In some embodiments, the controller implements the following steps by running the target application: responding to a preset instruction, starting an image collector (camera) and presenting an interactive interface, wherein the interactive interface comprises a video display window, and a local image collected by the image collector is displayed in the video display window; determining a first interface position and a second interface position, wherein the first interface position corresponds to a user position in the image, and the second interface position is a position randomly generated in a designated interface area divided according to a preset rule; and displaying the target control at a second interface position on the upper layer of the video display window, and controlling the target control to move from the second interface position to the first interface position.

In some embodiments, the target application is launched in response to a user input. The user input may be, for example, a key input, a gesture input, a voice input, or the like.

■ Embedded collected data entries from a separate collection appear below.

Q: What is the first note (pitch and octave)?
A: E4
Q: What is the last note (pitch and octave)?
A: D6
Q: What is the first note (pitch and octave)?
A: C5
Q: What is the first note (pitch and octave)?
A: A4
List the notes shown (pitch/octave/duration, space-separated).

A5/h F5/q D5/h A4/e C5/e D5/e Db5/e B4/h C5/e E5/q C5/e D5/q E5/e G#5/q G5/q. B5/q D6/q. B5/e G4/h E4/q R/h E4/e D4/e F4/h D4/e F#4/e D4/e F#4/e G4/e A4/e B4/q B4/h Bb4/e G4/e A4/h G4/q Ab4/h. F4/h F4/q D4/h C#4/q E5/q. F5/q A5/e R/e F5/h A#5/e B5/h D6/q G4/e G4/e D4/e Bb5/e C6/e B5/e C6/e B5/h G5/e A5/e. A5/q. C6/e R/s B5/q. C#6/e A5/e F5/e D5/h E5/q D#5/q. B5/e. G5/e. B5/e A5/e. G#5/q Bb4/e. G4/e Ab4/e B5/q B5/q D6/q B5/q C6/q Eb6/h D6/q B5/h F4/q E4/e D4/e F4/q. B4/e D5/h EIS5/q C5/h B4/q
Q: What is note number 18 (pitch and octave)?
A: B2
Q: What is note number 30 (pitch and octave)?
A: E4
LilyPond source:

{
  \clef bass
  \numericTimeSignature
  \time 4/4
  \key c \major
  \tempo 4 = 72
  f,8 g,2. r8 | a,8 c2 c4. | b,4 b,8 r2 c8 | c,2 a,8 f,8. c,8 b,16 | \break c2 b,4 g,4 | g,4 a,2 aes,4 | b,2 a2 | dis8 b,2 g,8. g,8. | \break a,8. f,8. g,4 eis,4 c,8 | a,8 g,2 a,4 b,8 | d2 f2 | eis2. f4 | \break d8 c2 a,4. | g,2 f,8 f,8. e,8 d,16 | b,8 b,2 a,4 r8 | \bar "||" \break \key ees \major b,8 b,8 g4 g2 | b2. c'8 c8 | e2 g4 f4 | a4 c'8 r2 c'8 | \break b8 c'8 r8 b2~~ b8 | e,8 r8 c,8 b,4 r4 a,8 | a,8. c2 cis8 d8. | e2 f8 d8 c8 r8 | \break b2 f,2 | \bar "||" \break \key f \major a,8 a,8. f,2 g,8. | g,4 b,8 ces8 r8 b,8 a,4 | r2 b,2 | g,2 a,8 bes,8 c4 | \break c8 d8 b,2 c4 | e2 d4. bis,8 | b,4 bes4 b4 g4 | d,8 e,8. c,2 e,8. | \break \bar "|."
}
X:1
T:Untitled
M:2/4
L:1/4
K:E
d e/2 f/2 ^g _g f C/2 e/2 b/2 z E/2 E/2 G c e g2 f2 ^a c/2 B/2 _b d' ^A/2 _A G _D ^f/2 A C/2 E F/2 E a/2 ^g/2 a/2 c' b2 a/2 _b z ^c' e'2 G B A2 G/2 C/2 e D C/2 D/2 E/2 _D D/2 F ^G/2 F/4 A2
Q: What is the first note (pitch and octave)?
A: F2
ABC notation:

Fig. 6 is an exemplary user interface of the present application, which is an implementation of a display device system home page. As shown in fig. 6, the user interface displays a plurality of items (controls), including a target item for launching the target application. As shown in fig. 6, the target item is specifically "virtual reality game a". When the display displays a user interface as shown in fig. 6, the user can operate a target item "virtual reality game a" by operating a control device (e.g., remote control 100), and in response to the operation of the target item, the controller starts a target application. When the controller receives an input instruction instructing to start the target application program, the controller starts the target application program in response to the instruction, and displays an application home page. On the application homepage, various interface elements such as icons, windows, controls, and the like can be displayed.

Fig. 7 is an exemplary user interface for an implementation of an application home page displayed after a target application is launched. As shown in fig. 7, the application home page displays a plurality of game difficulty level options, i.e., "simple mode", "normal mode", and "difficult mode", respectively, and also includes a control "start game" for starting a game. The user may select a level option via the control device and operate a start game control to indicate entry to the game interface and start the game. In the example shown in fig. 7, the "normal mode" is in the selected state.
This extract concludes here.